Problem description => All of the data should be output character for character, except the pictures.

(Captioned web images)
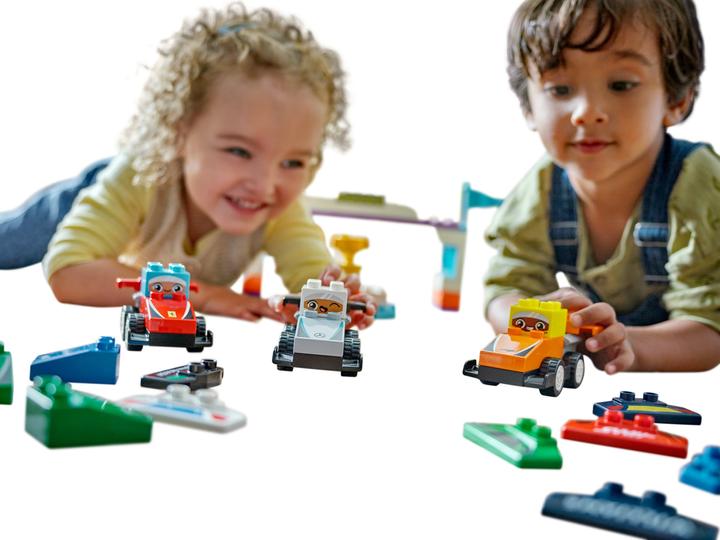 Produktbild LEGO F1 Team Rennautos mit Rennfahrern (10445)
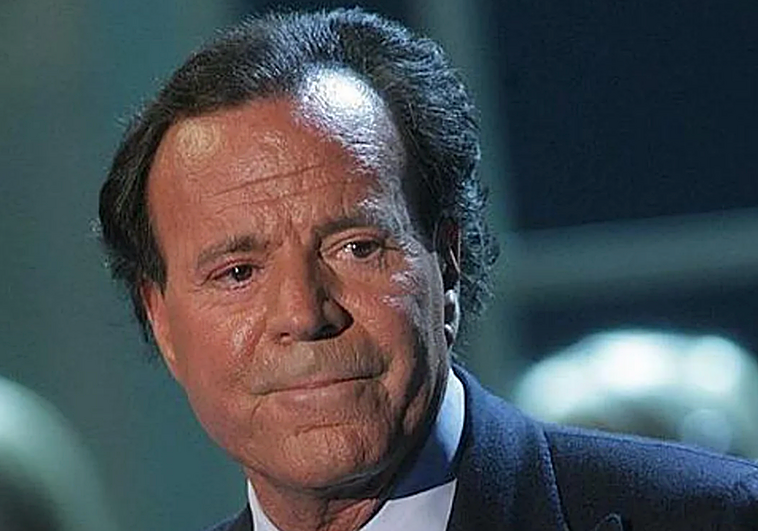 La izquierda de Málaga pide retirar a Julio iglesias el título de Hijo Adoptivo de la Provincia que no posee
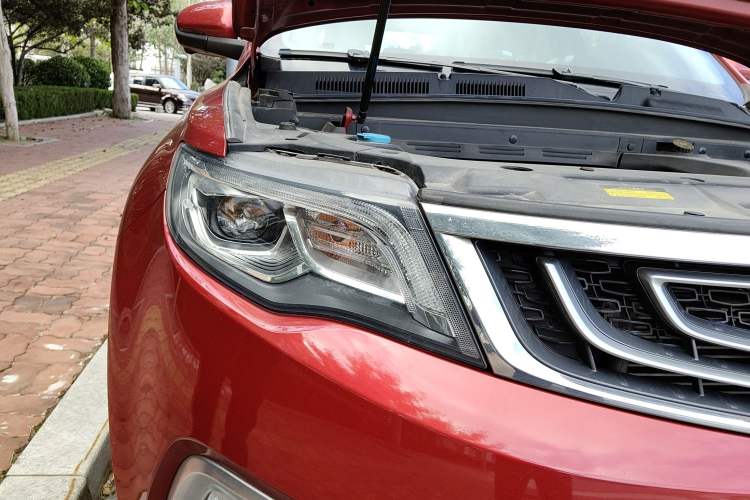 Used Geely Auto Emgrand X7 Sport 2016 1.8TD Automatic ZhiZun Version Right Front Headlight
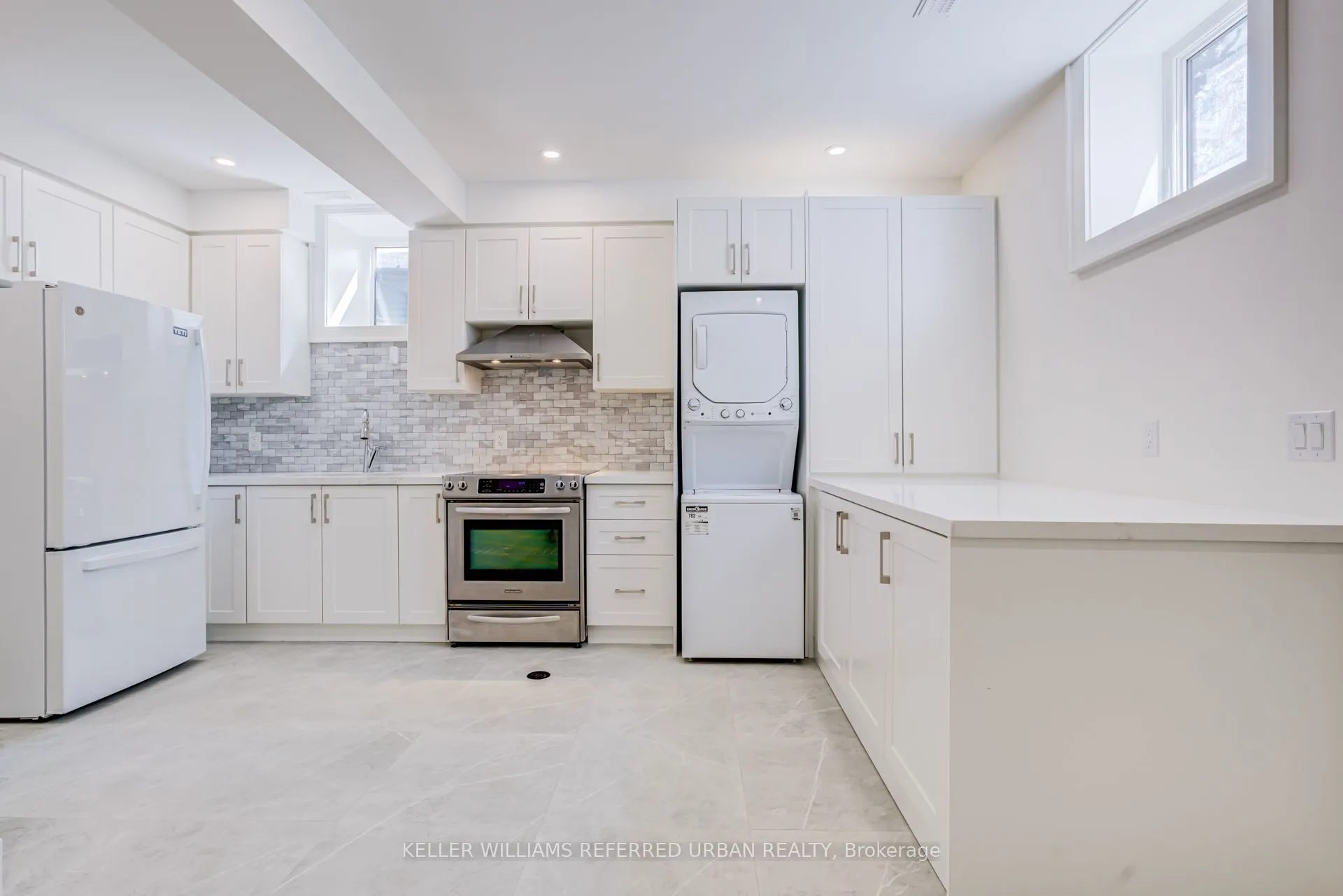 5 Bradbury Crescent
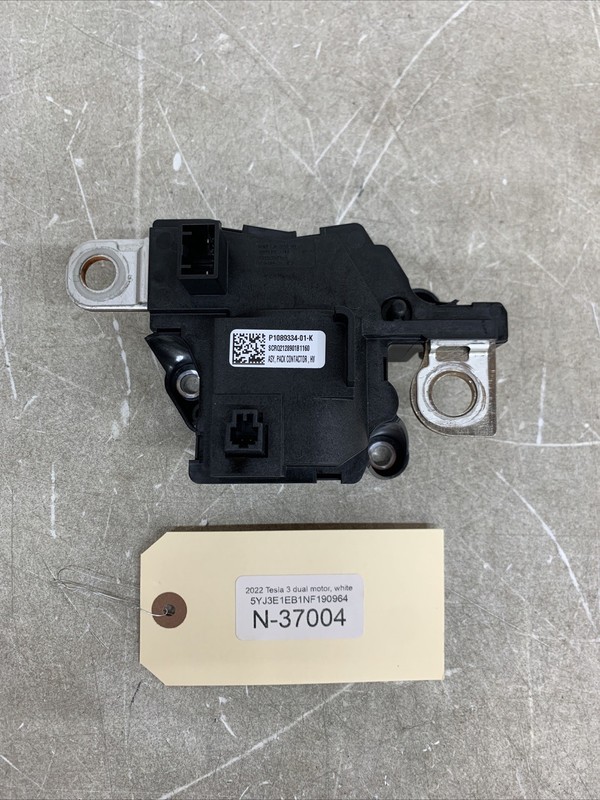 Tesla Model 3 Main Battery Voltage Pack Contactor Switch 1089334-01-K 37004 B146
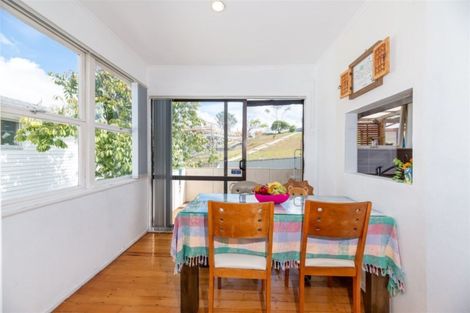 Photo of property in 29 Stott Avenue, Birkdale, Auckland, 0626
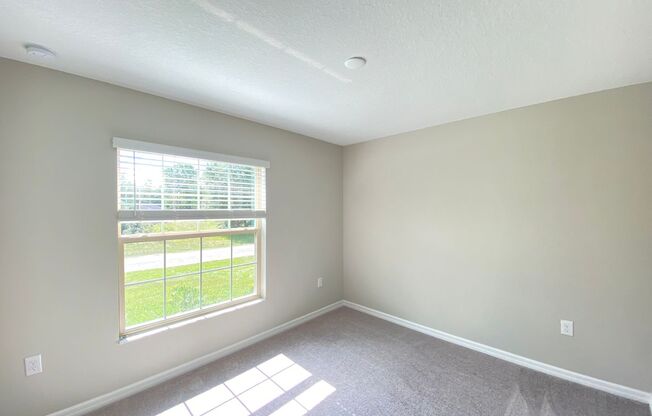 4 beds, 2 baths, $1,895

Written response =>
 Produktbild LEGO F1 Team Rennautos mit Rennfahrern (10445)
 La izquierda de Málaga pide retirar a Julio iglesias el título de Hijo Adoptivo de la Provincia que no posee
 Used Geely Auto Emgrand X7 Sport 2016 1.8TD Automatic ZhiZun Version Right Front Headlight
 5 Bradbury Crescent
 Tesla Model 3 Main Battery Voltage Pack Contactor Switch 1089334-01-K 37004 B146
 Photo of property in 29 Stott Avenue, Birkdale, Auckland, 0626
 4 beds, 2 baths, $1,895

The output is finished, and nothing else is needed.